Este sector de la izquierda, cuya narrativa no discierne mucho de la que suele utilizar la ultraderecha nacionalista —los nacionalistas nos venden que alguna vez existió una nación unificada, los obreristas reaccionarios creen que alguna vez existió una clase trabajadora homogénea que no entendía de género, raza o identidad sexual—, se define a sí mismo como marxista y revolucionario, y probablemente estará de acuerdo con muchas de nosotras en que es necesario abolir el statu quo. No obstante, la naturalización del sistema sexo-género y de las dinámicas heterosexuales hace que, al pensar en este supuesto statu quo, los reaccionarios no tengan en mente las normas implícitas del género ya que ha asumido que forman parte de la naturaleza del ser humano y que, por tanto, no tienen connotaciones políticas. Frente a esta idea, la mayor parte de nosotras coincidiremos en ver la cisheterosexualidad no como una tendencia natural, sino como un régimen político que está intrínsecamente ligado a la moral capitalista y que permite que esta pueda subsistir mediante la perpetuación de la familia burguesa.
Conclusiones
No se puede negar que la participación de personas como Samantha Hudson en la televisión pública y en los medios mainstream tiene consecuencias positivas, como el hecho de que las realidades queer puedan ser acercadas al público general y que, progresivamente, este deje de vernos como la otredad. Además, sabemos de sobra que la exclusión forzada de las personas LGTBI en las producciones audiovisuales ha hecho que niñes y jóvenes hayan crecido sin referentes y se hayan sentido culpables por no ser capaces de adaptarse a la cisheteronorma, de manera que han quedado expulsadas de la cultura hegemónica y han tenido que crear sus propios espacios en los márgenes.

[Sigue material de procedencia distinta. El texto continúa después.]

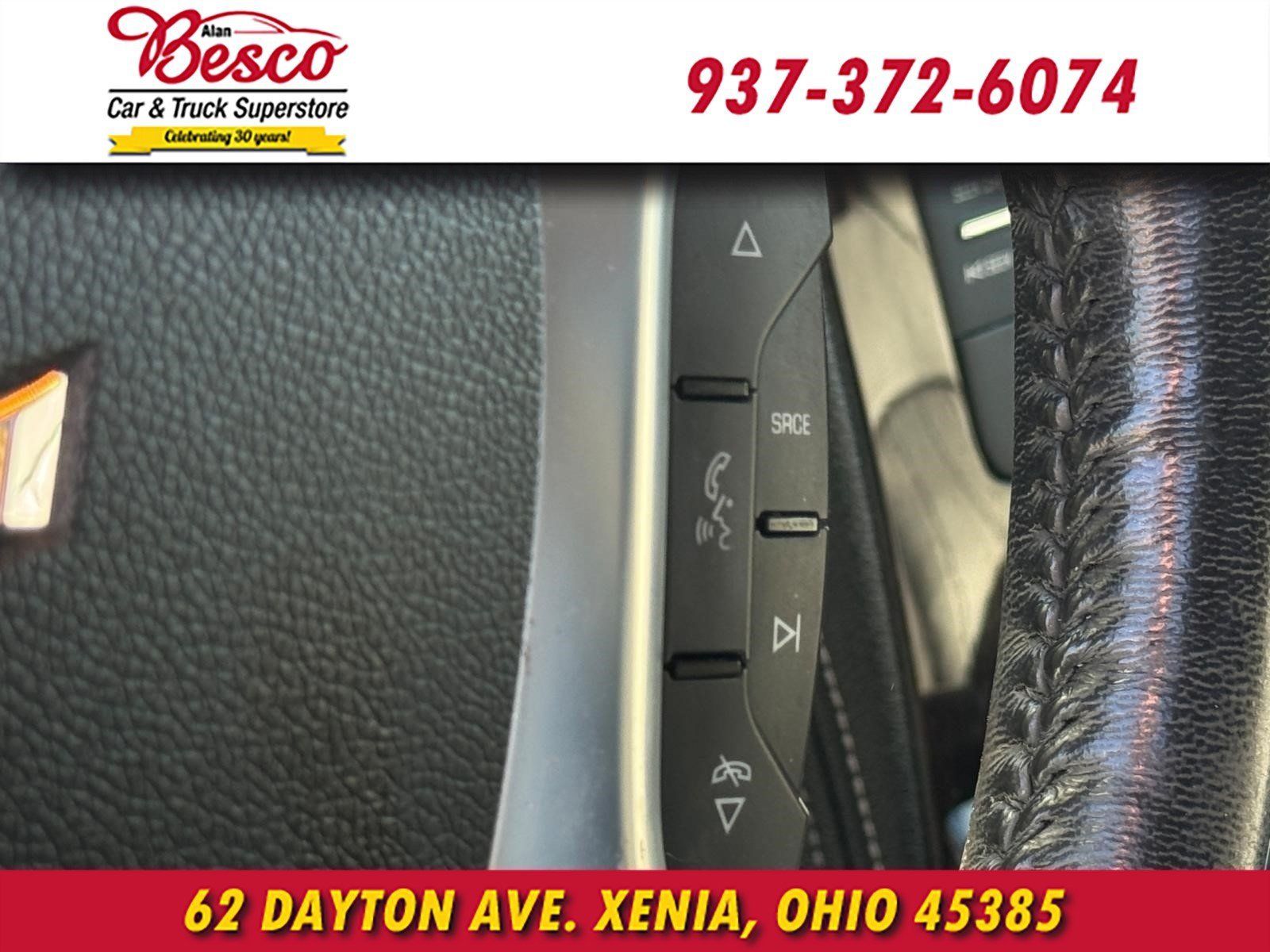Used 2015 Chevrolet Traverse LTZ FWD image 11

Sin embargo, las políticas de inclusión no dejan de ser medidas reformistas realizadas dentro del marco de las instituciones capitalistas y, pese a las consecuencias positivas que puedan tener las mismas, no dejan de ser insuficientes dado que no cuestionan ni modifican el statu quo. El problema está en que, bajo el nombre del anticapitalismo, se critica a la travesti que ha sido invitada para salir en televisión y se la ve como enemiga de la clase obrera, en lugar de criticar, en todo caso, a las corporaciones que instrumentalizan el movimiento LGTBI para obtener beneficio económico y lavar su imagen.
Todo se resume en lo siguiente: que la mayor participación de personas queer en lugares de los cuales tradicionalmente se nos había excluido no nos haga creer que nuestro objetivo último es obtener un pequeño espacio dentro de la televisión pública. Es necesario, por tanto, que existan figuras como Samantha Hudson, que servirían de puente entre la contracultura y la cultura de masas, pero también es necesario que las luchas LGTBI, así como las luchas obreras, se articulen desde abajo y sean declaradamente antisistema.
NOTAS
- Recordemos que todas las tramas de las películas de John Waters están ambientadas en su tierra natal, Baltimore (Maryland), además de contar en la mayoría de los casos con un reparto de actores fijo, conformado por los amigos de John Waters entre los cuales se encuentran actrices como Divine, Mink Stole o Edith Massey.
- El propio nombre artístico de Samantha Hudson, según ella misma ha declarado, surgió de una conversación con un amigo sobre su fantasía de ser «una madre de los suburbios estadounidenses que va a recoger a sus niños en un vehículo de siete plazas».